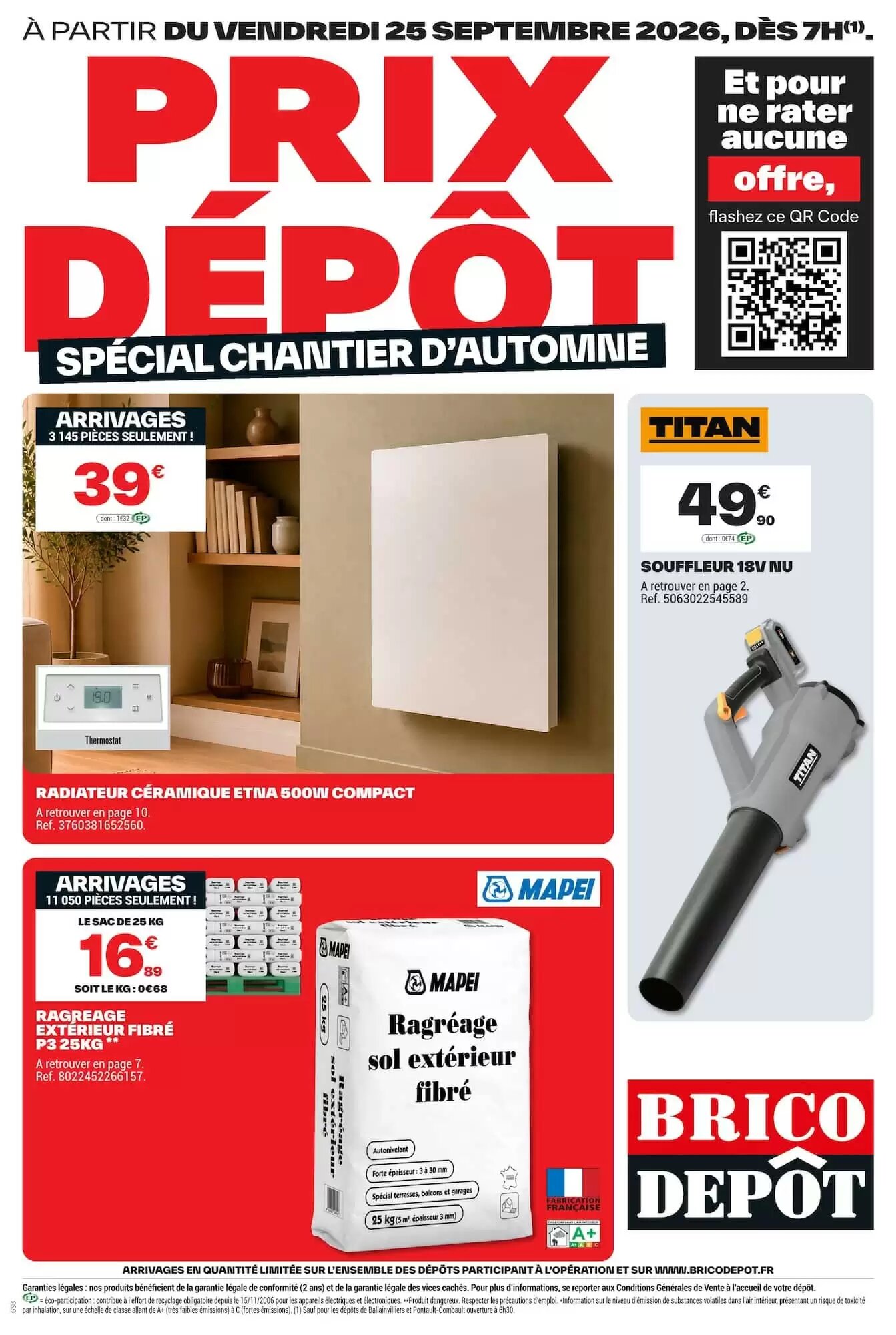 Prospectus promotionnel Brico Dépôt valable à partir du 25/09/2026 - Page 1.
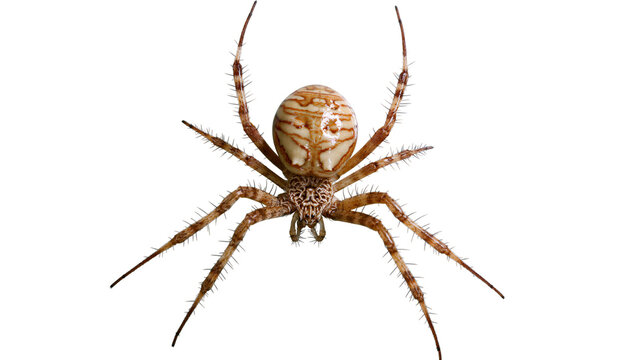 Orb weaver spider with patterned abdomen and hairy legs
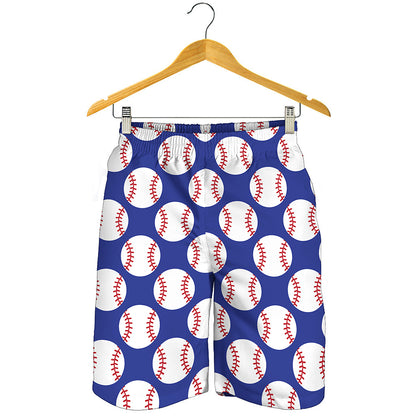 Blue Baseball Pattern Print Men's Shorts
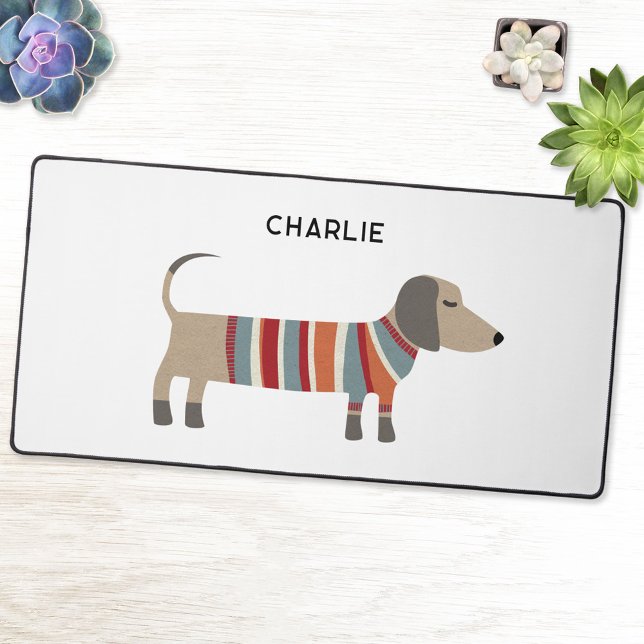 Alfrombrillas De Escritorio Dachshund Wiener Sausage Dog Personalizado (Fun personalized name Dachshund Wiener Sausage dog desk mat)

Task details ▸ Every line of the material must be reproduced verbatim; the pictures are to be omitted.

Solved exercise ▸
 Prospectus promotionnel Brico Dépôt valable à partir du 25/09/2026 - Page 1.
 Orb weaver spider with patterned abdomen and hairy legs
 Blue Baseball Pattern Print Men's Shorts
 Alfrombrillas De Escritorio Dachshund Wiener Sausage Dog Personalizado (Fun personalized name Dachshund Wiener Sausage dog desk mat)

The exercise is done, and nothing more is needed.